**Task to complete**
Return all the data below as it stands, minus the pictures.

═══ Supplied data

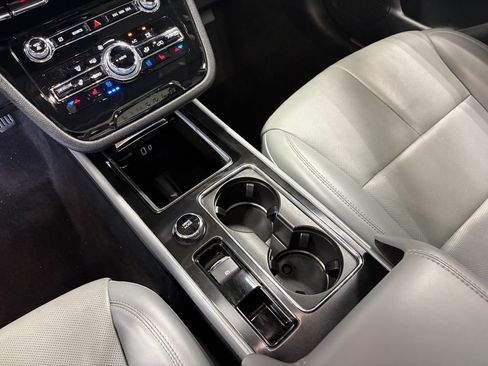 Used 2021 Lincoln Corsair AWD w/ Premium Package image 21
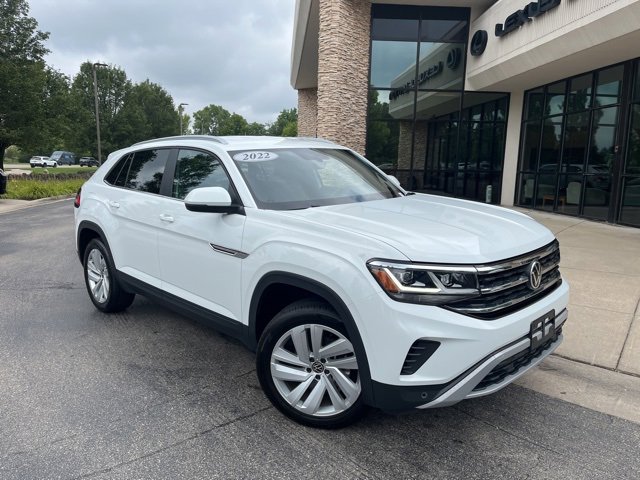 Used 2022 Volkswagen Atlas Cross Sport SE w/Tech with VIN 1V2HE2CA8NC221807 for sale in Centerville, OH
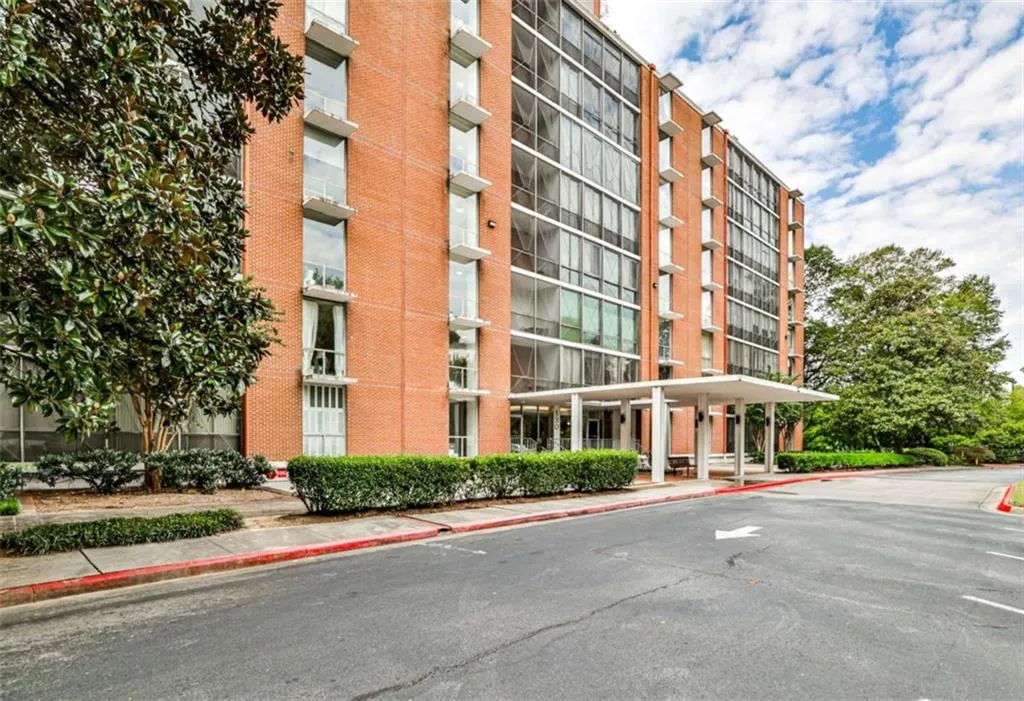 130 26th Street Unit 402, Atlanta, Georgia 30309, 2 Bedrooms Bedrooms, ,1 BathroomBathrooms,Residential,For Sale,130 26th Street Unit 402,7573545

══════

**Exercise response**
 Used 2021 Lincoln Corsair AWD w/ Premium Package image 21
 Used 2022 Volkswagen Atlas Cross Sport SE w/Tech with VIN 1V2HE2CA8NC221807 for sale in Centerville, OH
 130 26th Street Unit 402, Atlanta, Georgia 30309, 2 Bedrooms Bedrooms, ,1 BathroomBathrooms,Residential,For Sale,130 26th Street Unit 402,7573545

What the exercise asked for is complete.